Jay frowned. "You're sure?"

Ryn nodded once.

"Yeah," he continued. "The placard, remember?"

Jay's eyes widened slightly.

"…The one above the inner door."

"Same writing," Ryn said.

He looked up once more, then started forward again.

"So whatever built the Hero's house," he said, voice steady, "was here too."

And then—

Everything snapped into place.

His mind drew back to Dheam, of Central's odd terrain. The fog that obscured everything…the weirdly habitable conditions present where Outside was completely frozen.

Ryn's breath slowed.

"…Of course," he murmured.

This wasn't just Central.

It was part of the Isles.

Not the whole thing—just a fragment. A section that had broken off long ago and fallen from the sky, now repurposed and built over so much, no one remembered what it used to be.

Jay exhaled slowly. "Does that… change anything?"

Ryn shook his head.

"Not here," he said. "Not tonight."

He paused, gaze lingering a second longer down the tunnel, thoughts already moving past the immediate.

"But it does make me wonder," he added. "If this had happened before, anywhere else."

Ryn pushed the thought aside with a quiet breath.

"Later," he said.

They reached the lab entrance as he spoke.

The doors stood exactly where they expected them to be.

Ryn stepped forward, placed a hand against the seal—and pushed.

The door slid open.

For a heartbeat, no one reacted.

Then the room erupted.

Chairs scraped violently against the floor. A tray clattered as someone knocked it over in their scramble to stand. Voices overlapped, clearly panicked.

"Who let them in?"

"Lock it, lock—!"

Ryn didn't raise his voice.

He lifted two fingers instead.

That was enough.

The party moved as one.

Amelia crossed the distance in a blur, heat flaring just long enough to force one researcher to stand down.

Fritz was already there, using the back of his sword to strike down another's knees, dropping the man instantly to the floor.

Jay moved wide, hands already working. Vials shattered underfoot as he kicked them aside, neutralizing anything that looked volatile before it could be reached.

Taylor vanished and reappeared behind the far console, blade at a throat before the man even realized he'd been flanked.

Ryn stepped forward calmly as the last of the resistance collapsed.

"Hands where I can see them," he said.

They obeyed.

Some were shaking. Others stared at the floor, breath coming in sharp, uneven pulls.
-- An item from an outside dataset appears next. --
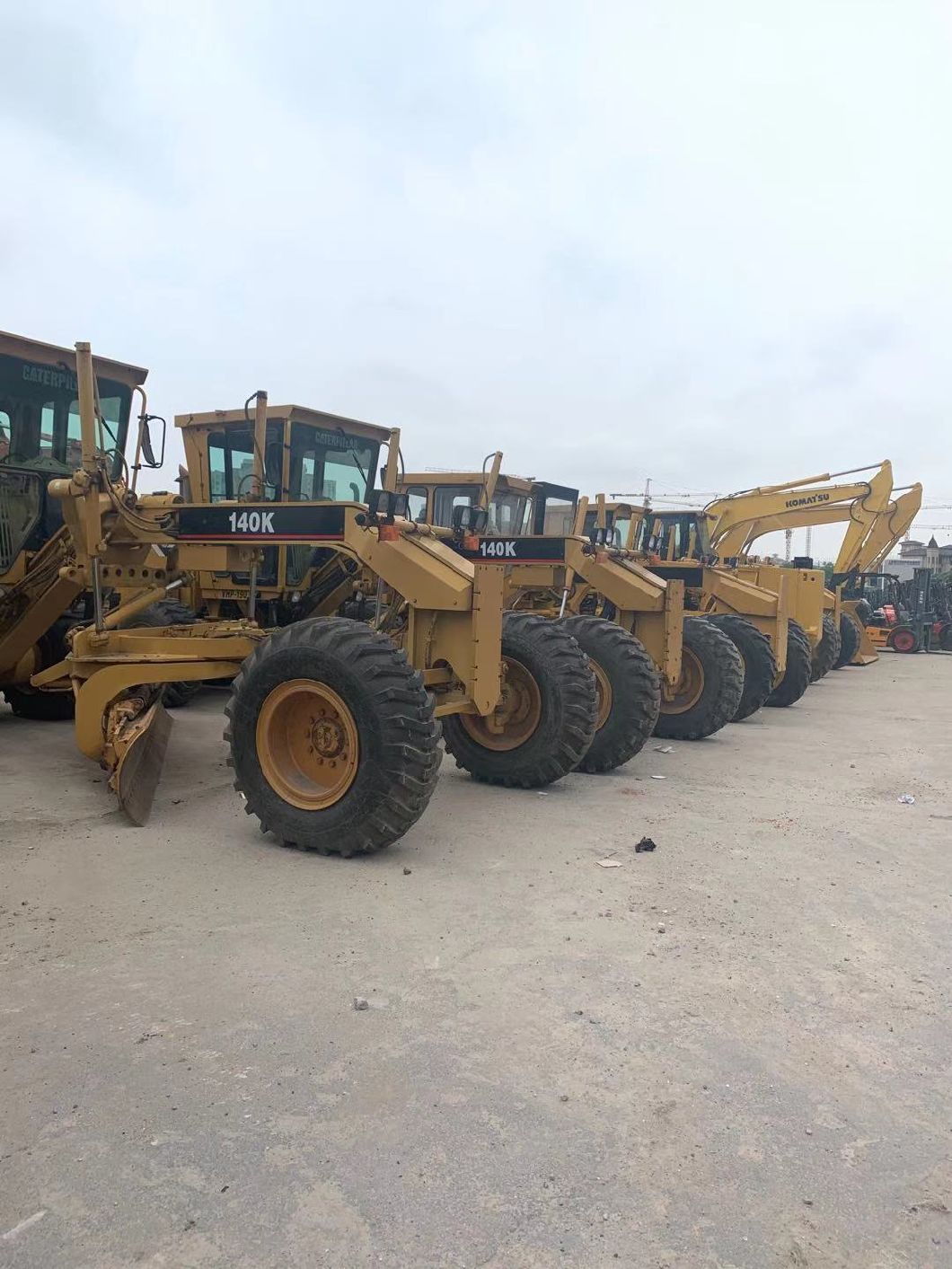Used Tcm Fd100 Diesel Forklift with 4.5m Satge and Powerful Engine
One woman had frozen entirely, eyes locked on Ryn like a cornered animal.

Restraints clicked shut.

In less than ten seconds, it was over.

"All of them," Amelia said quietly.

"Good," he replied as he stepped closer to the tied-up group.

"Now," Ryn said, "you're going to explain exactly what you've been working on."
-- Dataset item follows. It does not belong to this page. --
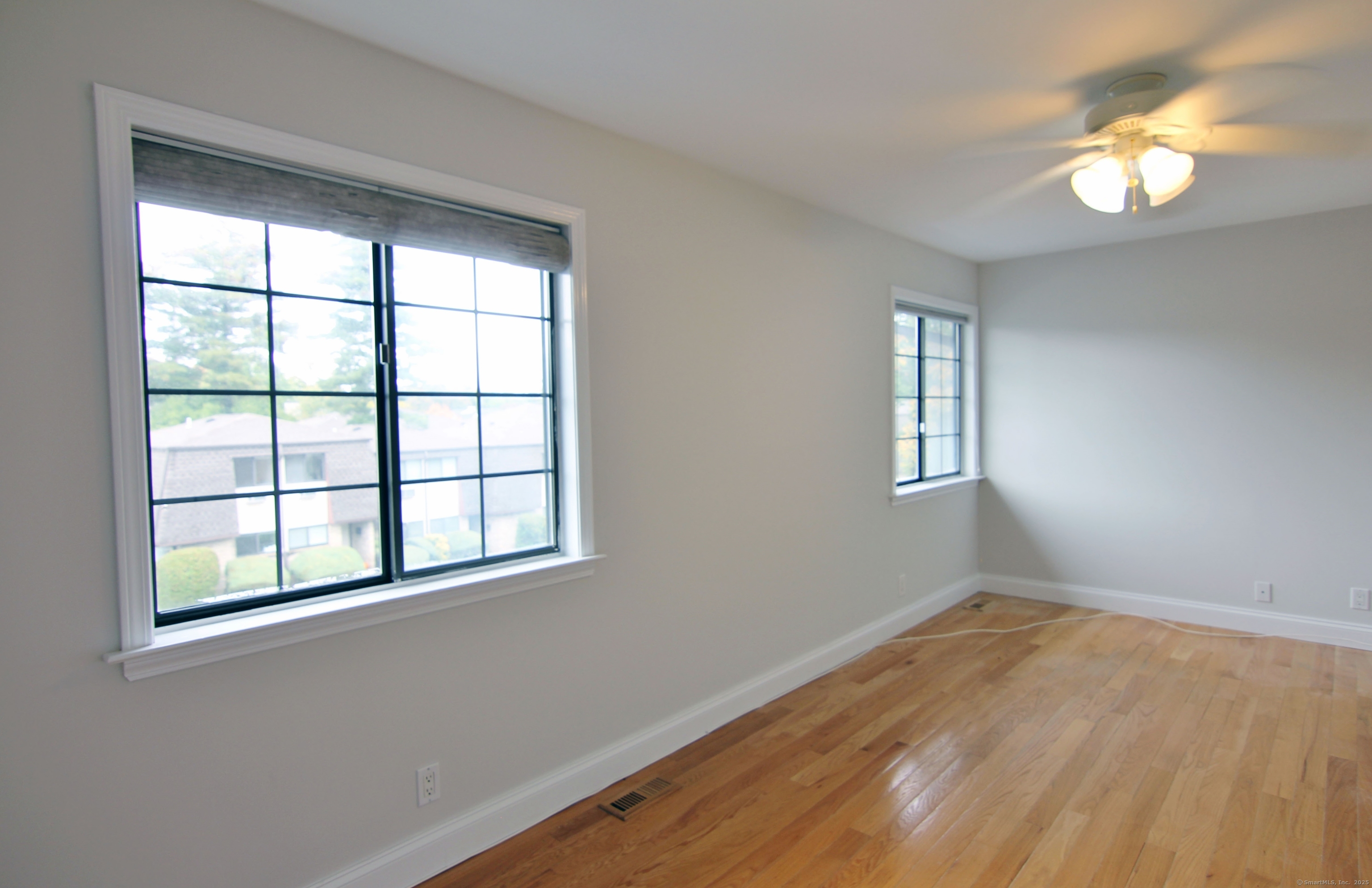 237 Strawberry Hill Avenue APT 9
Ryn didn't repeat himself.

He let the silence stretch instead.

Eventually, one of them broke.

A man near the back swallowed hard, hands clenched so tightly his knuckles had gone white. "We—we're researchers," he said quickly.

"That's all. Engineers. Analysts. We're not soldiers."

Another voice followed, higher, shaking. "This wasn't our project. Not originally."

Ryn watched them without expression.

"What changed?" Fritz asked.

The woman nearest the central console answered.

"Management," she said. "Overnight."

She lifted her head, eyes rimmed red. "One day we had supervisors." Her voice wavered. "The next, they were gone."

"Taken over," the first man added. "We don't even know by who."

Jay frowned. "And you stayed."

"We didn't have a choice," someone snapped. "They brought contracts."

Ryn's eyes narrowed slightly.

"What kind of contracts?" he asked.

The room went quiet again.

"…Binding," the woman said at last. "We don't sign, we lose everything. Our work license. Our protection. Our families' stipends."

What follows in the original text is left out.